Directions for this task — Transcribe each line below verbatim; pictures excluded.

Records for the task —
══════

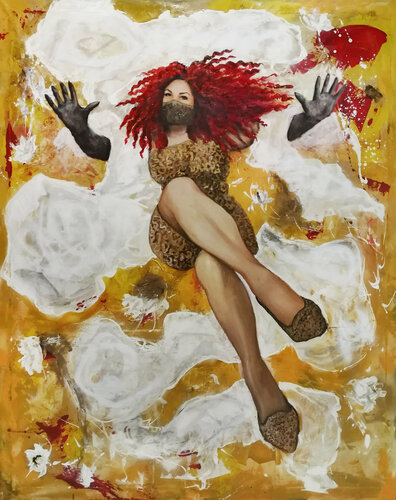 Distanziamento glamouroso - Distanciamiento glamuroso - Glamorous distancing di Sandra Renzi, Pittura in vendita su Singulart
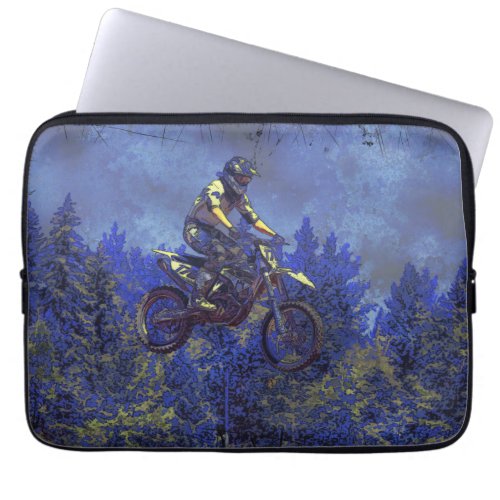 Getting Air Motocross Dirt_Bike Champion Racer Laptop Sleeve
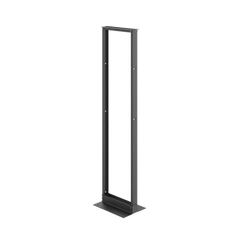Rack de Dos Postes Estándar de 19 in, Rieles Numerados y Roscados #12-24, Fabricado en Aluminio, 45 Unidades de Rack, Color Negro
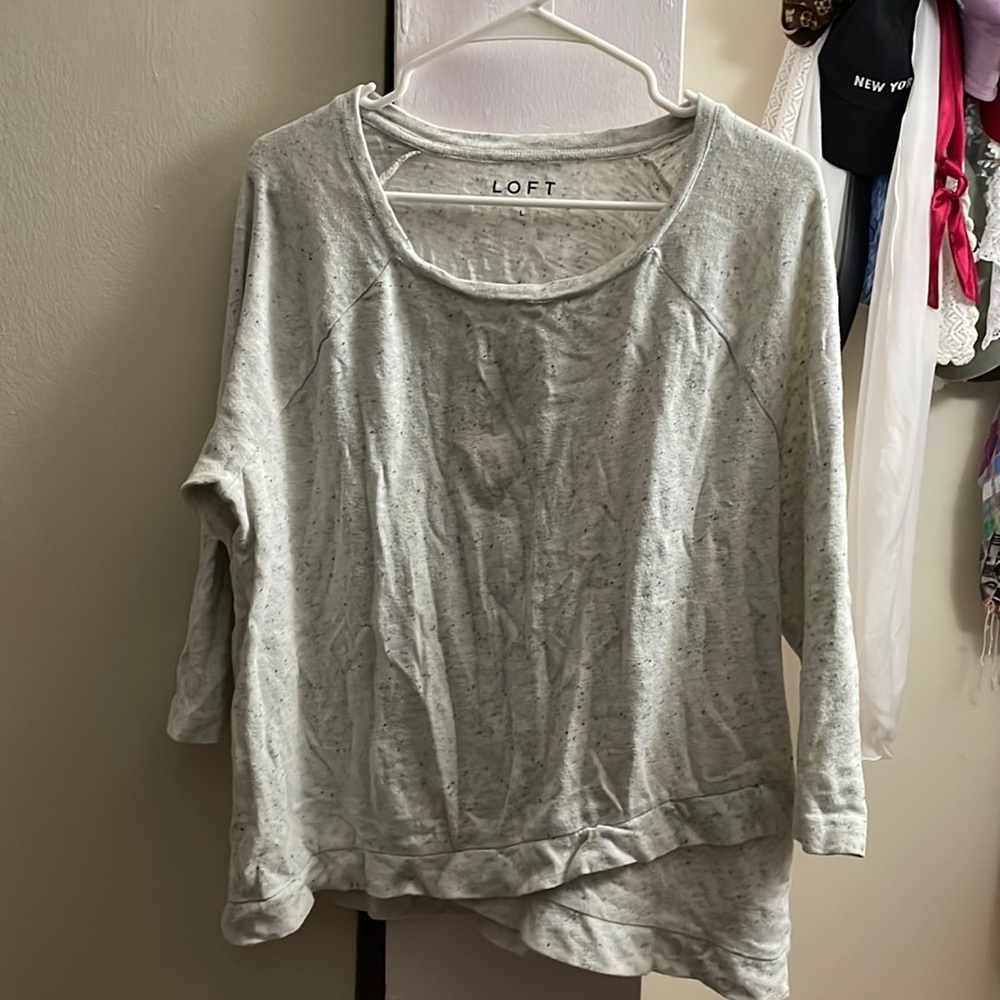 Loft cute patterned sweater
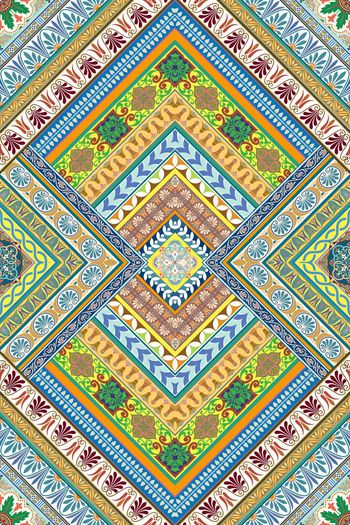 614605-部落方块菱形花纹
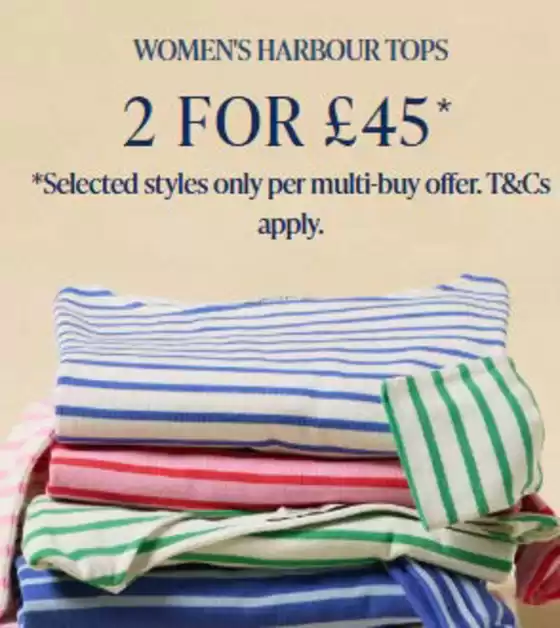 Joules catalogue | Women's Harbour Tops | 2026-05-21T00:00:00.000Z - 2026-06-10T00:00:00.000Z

══════

Exercise solution —
 Distanziamento glamouroso - Distanciamiento glamuroso - Glamorous distancing di Sandra Renzi, Pittura in vendita su Singulart
 Getting Air Motocross Dirt_Bike Champion Racer Laptop Sleeve
Rack de Dos Postes Estándar de 19 in, Rieles Numerados y Roscados #12-24, Fabricado en Aluminio, 45 Unidades de Rack, Color Negro
 Loft cute patterned sweater
 614605-部落方块菱形花纹
 Joules catalogue | Women's Harbour Tops | 2026-05-21T00:00:00.000Z - 2026-06-10T00:00:00.000Z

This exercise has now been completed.